Imprimer son leadership - Faire échec aux excavations pratiquées à l’aveuglette

30 novembre 2015
Par Rénald Fortier
Denis Courchesne et Nathalie Moreau - Photo : René-Claude Senécal

Info-excavation met la table en vue de l’adoption d’une législation québécoise pour prévenir les dommages causés aux infrastructures souterraines.
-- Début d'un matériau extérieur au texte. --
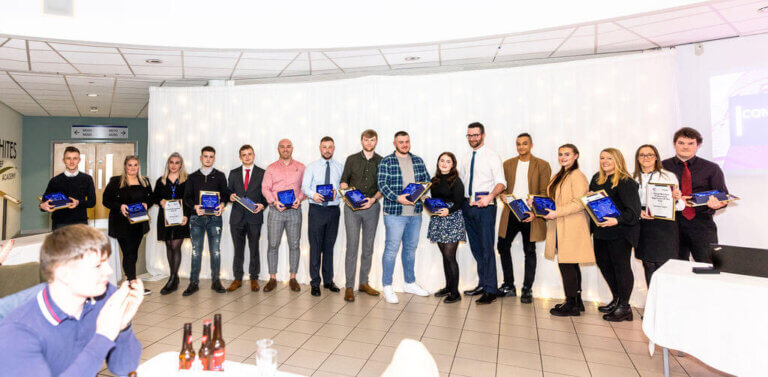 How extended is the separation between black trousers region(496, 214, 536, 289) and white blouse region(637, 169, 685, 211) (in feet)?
3.56

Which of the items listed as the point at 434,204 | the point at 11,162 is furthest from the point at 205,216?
the point at 11,162

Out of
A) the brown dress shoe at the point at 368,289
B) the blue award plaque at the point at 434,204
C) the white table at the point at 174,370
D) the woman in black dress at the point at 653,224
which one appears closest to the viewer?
the white table at the point at 174,370

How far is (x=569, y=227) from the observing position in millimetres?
3846

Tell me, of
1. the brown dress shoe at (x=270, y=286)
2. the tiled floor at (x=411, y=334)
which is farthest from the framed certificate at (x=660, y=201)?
the brown dress shoe at (x=270, y=286)

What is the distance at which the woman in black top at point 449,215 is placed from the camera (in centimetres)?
440

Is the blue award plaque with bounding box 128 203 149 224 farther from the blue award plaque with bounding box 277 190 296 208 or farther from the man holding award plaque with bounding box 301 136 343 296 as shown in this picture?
the man holding award plaque with bounding box 301 136 343 296

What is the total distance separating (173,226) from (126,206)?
1.88 ft

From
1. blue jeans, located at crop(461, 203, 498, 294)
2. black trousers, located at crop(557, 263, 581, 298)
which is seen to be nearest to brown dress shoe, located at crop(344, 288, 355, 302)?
blue jeans, located at crop(461, 203, 498, 294)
Les dommages causés aux infrastructures souterraines lors de travaux d’excavation coûtent très cher non seulement aux propriétaires de conduites de gaz ou d’eau, de fils électriques et d’autres canalisations, mais aussi à toute la collectivité québécoise. Sans compter qu’ils peuvent s’avérer lourds de conséquences pour les travailleurs et le public ainsi que l’environnement.

 

Voilà pourquoi Info-Excavation s’active depuis plus de 20 ans pour faire échec aux excavations pratiquées à l’aveuglette, tout comme à celles menées de façon déficiente. C’est ainsi qu’en plus de répondre rapidement aux demandes de localisation qui lui sont formulées – son centre de traitement des demandes en reçoit plus de 200 000 bon an mal an –, il ne cesse de multiplier les activités de sensibilisation et de formation à l’intention des différents acteurs engagés dans des projets impliquant des travaux d’excavation.

 

Si de tels efforts de prévention déployés avec un bâton de pèlerin sont loin d’être vains, force est cependant de constater pour Info-Excavation que leur portée a maintenant atteint ses limites. Pourquoi ? Eh bien parce que l’on dénombre encore cinq bris causés aux infrastructures souterraines par jour ouvrable au Québec et que 34 % des bris comptabilisés n’ont pas fait l’objet d’une demande de localisation.

 

Pour Info-Excavation, il est clair que la mise en place d’une législation avec du mordant s’impose plus que jamais pour protéger les travailleurs et contrer les impacts associés aux bris des infrastructures souterraines. « Nous en sommes rendus là, indique son président et chef de la direction, Denis Courchesne. Le Québec n’a pas encore eu à déplorer de décès à la suite d’un bris provoqué par une excavation, mais il ne faudrait pas attendre que cela survienne pour agir. »

 

Info-Excavation a d’ailleurs entrepris depuis longtemps de faire avancer ce dossier avec l’appui de ses partenaires. Une démarche qui l’a notamment amené à examiner des législations mises en place ailleurs en Amérique du Nord pour prévenir les bris, notamment en Ontario. Et qui lui a ainsi permis de déterminer quelle serait la meilleure approche à adopter pour le Québec, tant sur le plan de l’application que du contenu d’une éventuelle législation.

 

« Nous voulions nous inspirer de ce qui se fait ailleurs en matière de législation, mais tout en évitant de répéter les erreurs qui ont été commises au moment de les mettre en place », explique Nathalie Moreau, directrice générale, Prévention et affaires publiques, d’Info-Excavation. L’organisme a également entrepris depuis le début d’année une vaste consultation auprès des grands propriétaires d’infrastructures souterraines, de ministères, de municipalités, d’associations du domaine de la construction et autres groupes d’intérêts.

 

« Nous voulons prendre le pouls des enjeux de ces organisations et les rallier autour de notre démarche, note Denis Courchesne. Notre objectif, c’est de nous assurer que la table soit bien mise pour l’adoption éventuelle d’une législation par le gouvernement. »

 

 

DES COÛTS MAJEURS

Des bris causés aux infrastructures souterraines lors de travaux d’excavation s’accompagnent d’un lourd tribut socioéconomique. De savoir que les coûts indirects dépassent les 125 millions de dollars annuellement, selon des données du CIRANO, suffit vite à s’en convaincre. C’est sans oublier la facture totalisant plus de 6 millions de dollars que les propriétaires d’infrastructures doivent acquitter pour remettre en état leurs équipements endommagés.